Do not over-document, brevity is the soul of wit and code should be considered transient.
- Use active, functional language: what the component "tracks," "manages," "handles," "maintains," "enforces."
Avoid passive constructions like "is used for" or "contains".
- Never say that something "exists" (this is the epitome of a constative factual style). It is
notable for conveying no information that cannot be gained from the code, therefore it is a form
of rework, or wastefulness.
- Avoid meta-commentary, including instructions to "note that...", where you could simply state.
- Avoid hedging language ("may", "might", "could be seen as"), write what is known in certainty.
- Avoid anthropomorphism, especially about errors (avoid calling them "bugs"). A program with an error is
simply "wrong". See quotations below by E. W. Dijkstra for more detail on this.
#### Dijkstra on style
Excerpts from _On the cruelty of really teaching computing science_
(via https://www.cs.utexas.edu/~EWD/transcriptions/EWD10xx/EWD1036.html)
Dijkstra on errors:
> We could, for instance, begin with cleaning up our language by no longer calling a bug a bug but
> by calling it an error. It is much more honest because it squarely puts the blame where it
> belongs, viz. with the programmer who made the error. The animistic metaphor of the bug that
> maliciously sneaked in while the programmer was not looking is intellectually dishonest as it
> disguises that the error is the programmer's own creation. The nice thing of this simple change of
> vocabulary is that it has such a profound effect: while, before, a program with only one bug used
> to be "almost correct", afterwards a program with an error is just "wrong" (because in error).

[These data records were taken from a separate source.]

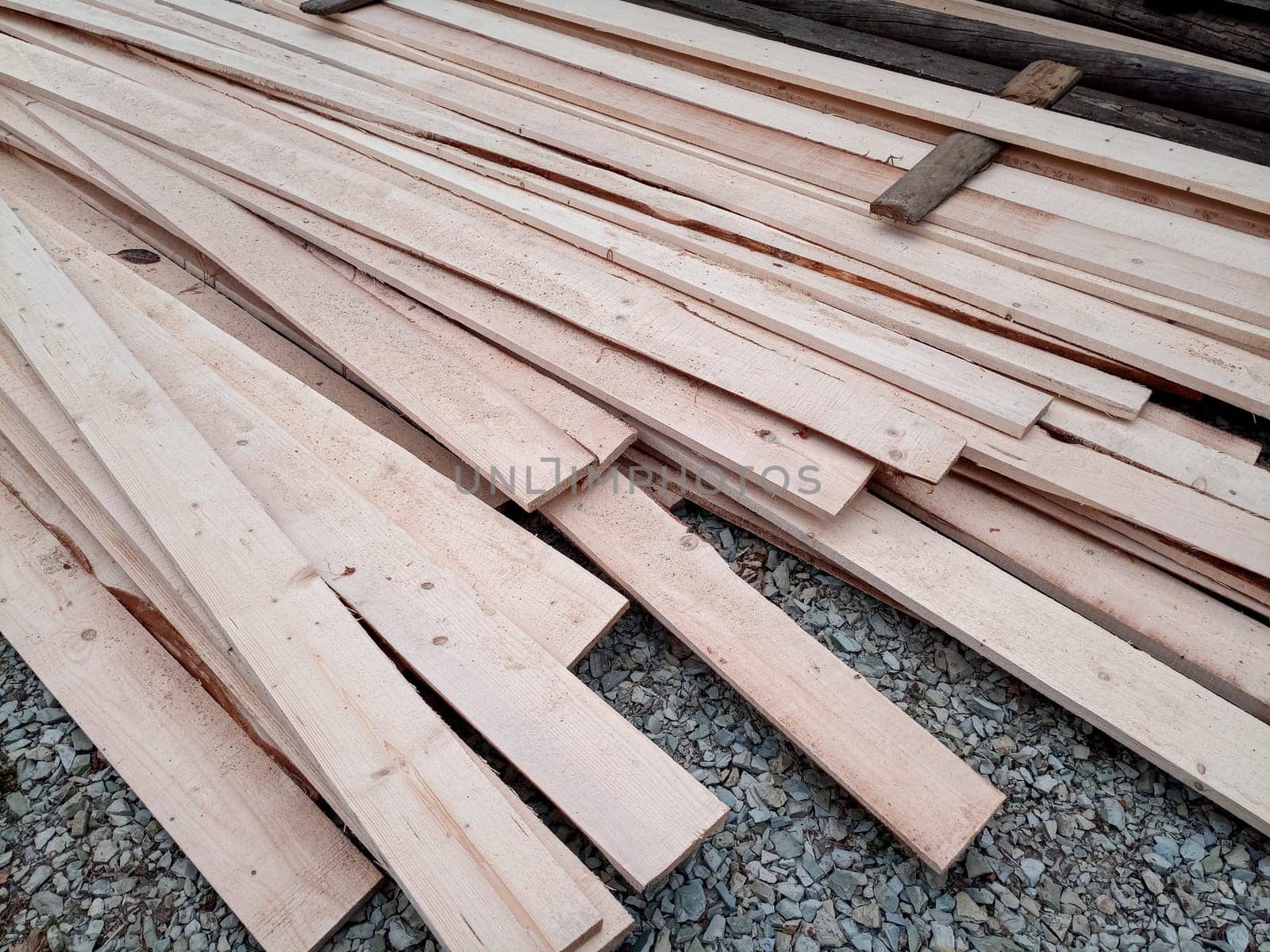 Boards with a sawmill. Building material from wood, boards for construction.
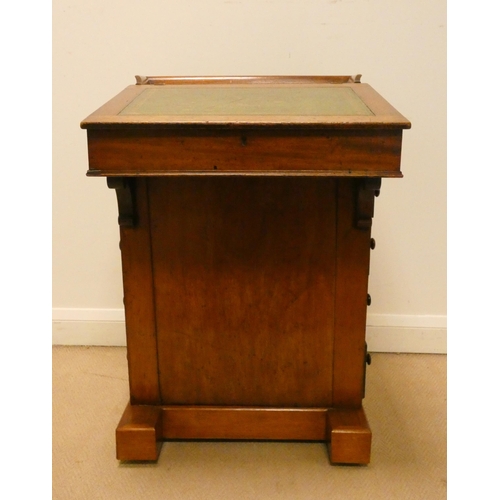 61 - A Victorian mahogany Davenport fitted four drawers with green leather slope, 21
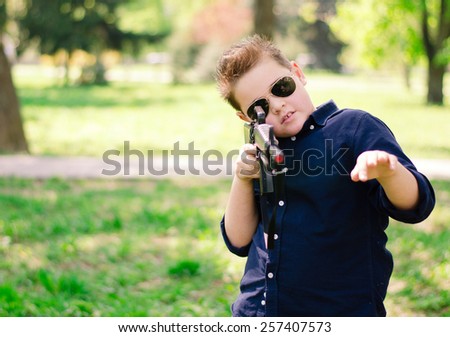 cool boy with a gun in the park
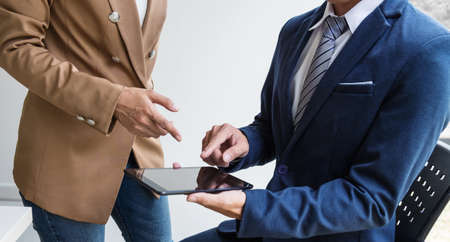 Confident business woman leader, business team meeting conference in office, The senior executive is standing working with Secretary.の写真素材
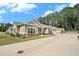 Inviting view of single-story homes featuring neutral siding, well-maintained lawns, and long driveways at 3901 Shelleydale Dr, Powder Springs, GA 30127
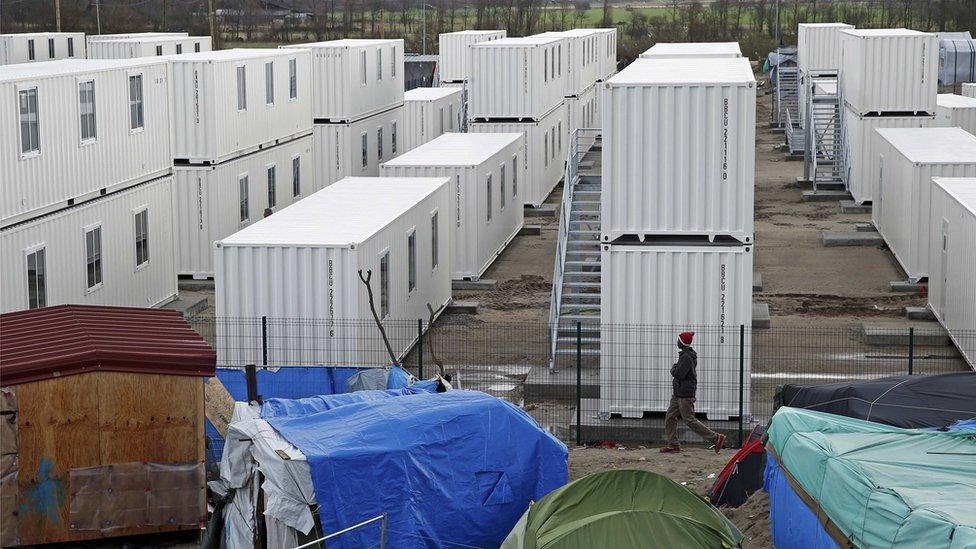 Containers are put into place to house several hundred migrants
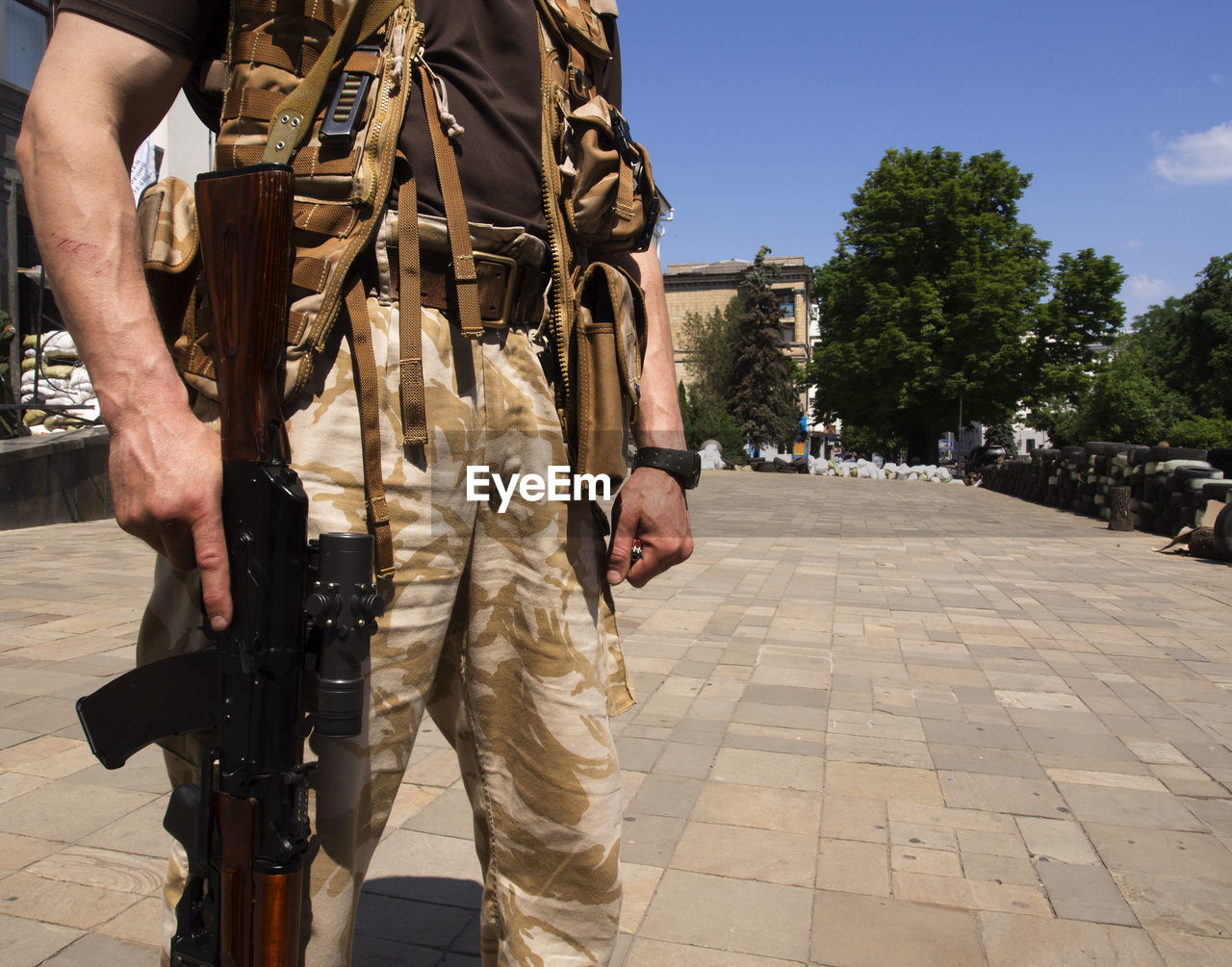 Midsection of military man holding rifle while standing in city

Dijkstra on anthropomorphism:
> My next linguistical suggestion is more rigorous. It is to fight the
> "if-this-guy-wants-to-talk-to-that-guy" syndrome: never refer to parts of programs or pieces of
> equipment in an anthropomorphic terminology, nor allow your students to do so. This linguistical
> improvement is much harder to implement than you might think, and your department might consider
> the introduction of fines for violations, say a quarter for undergraduates, two quarters for
> graduate students, and five dollars for faculty members: by the end of the first semester of the
> new regime, you will have collected enough money for two scholarships.
>
> The reason for this last suggestion is that the anthropomorphic metaphor —for whose introduction
> we can blame John von Neumann— is an enormous handicap for every computing community that has
> adopted it. I have now encountered programs wanting things, knowing things, expecting things,
> believing things, etc., and each time that gave rise to avoidable confusions. The analogy that
> underlies this personification is so shallow that it is not only misleading but also paralyzing.
>
> It is misleading in the sense that it suggests that we can adequately cope with the unfamiliar
> discrete in terms of the familiar continuous, i.e. ourselves, quod non. It is paralyzing in the
> sense that, because persons exist and act in time, its adoption effectively prevents a departure
> from operational semantics and thus forces people to think about programs in terms of
> computational behaviours, based on an underlying computational model. This is bad, because
> operational reasoning is a tremendous waste of mental effort.